### Description of the task
Could you print exactly the lines from the one that contains "Laparoscopic Dermoid Cystectomy" to the end of the data, both ends included, and nothing else? Skip the pictures.

### The data
====

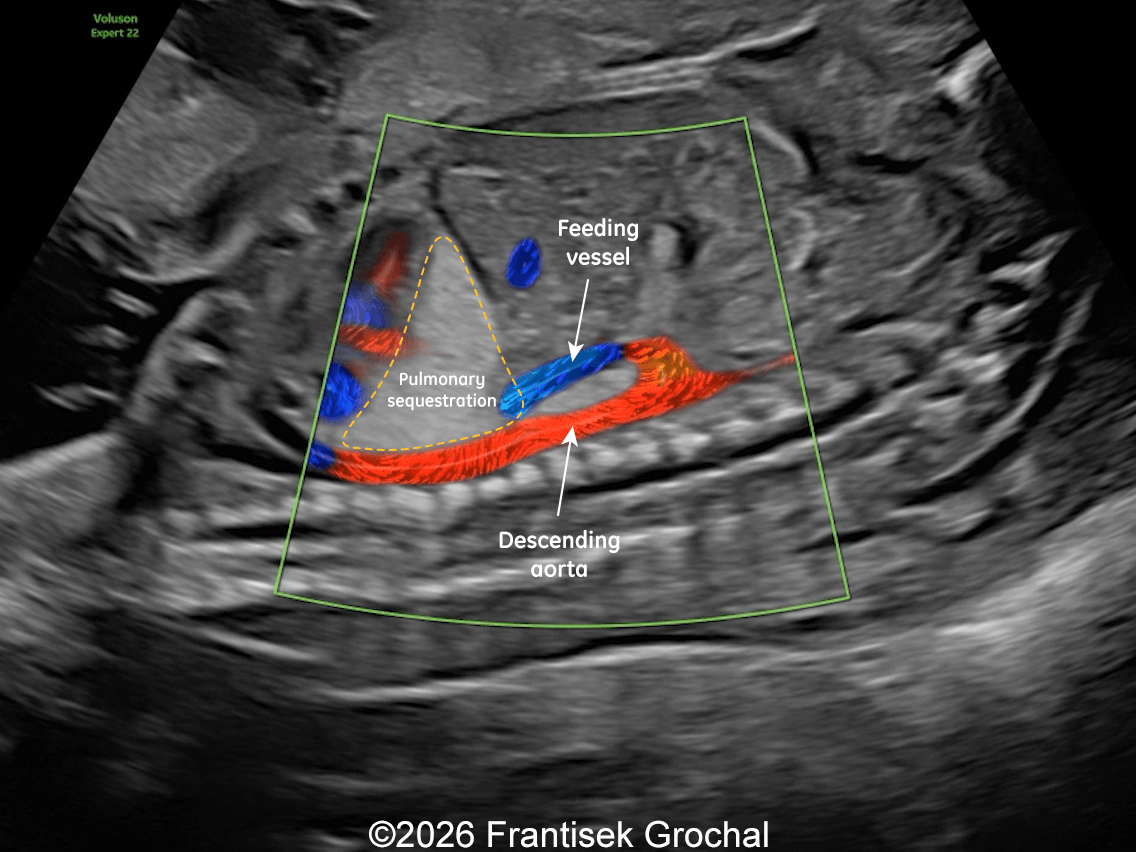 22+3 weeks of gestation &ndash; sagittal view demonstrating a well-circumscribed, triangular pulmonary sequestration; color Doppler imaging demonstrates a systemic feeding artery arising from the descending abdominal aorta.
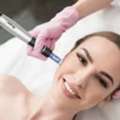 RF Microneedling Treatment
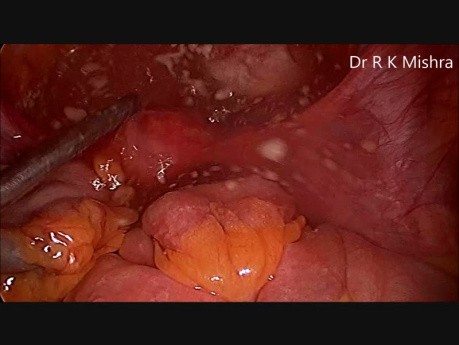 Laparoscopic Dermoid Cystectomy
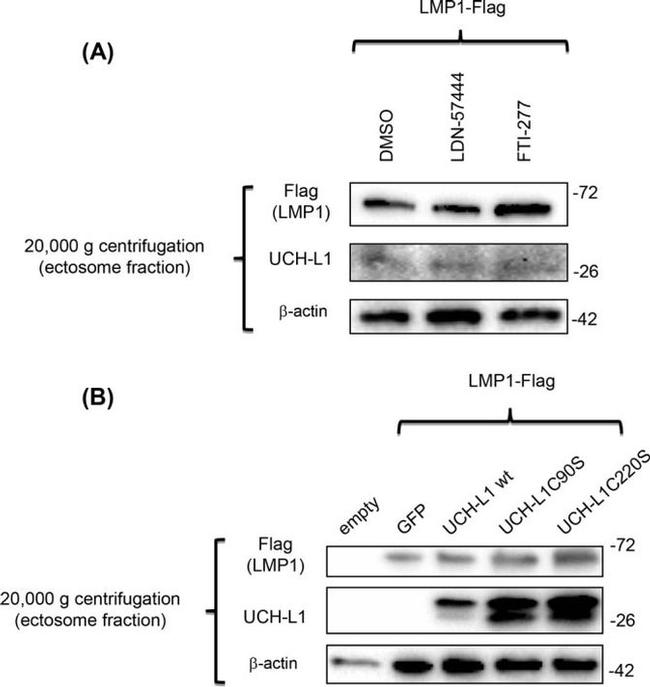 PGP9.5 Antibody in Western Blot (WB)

====

### Response to this exercise
 Laparoscopic Dermoid Cystectomy
 PGP9.5 Antibody in Western Blot (WB)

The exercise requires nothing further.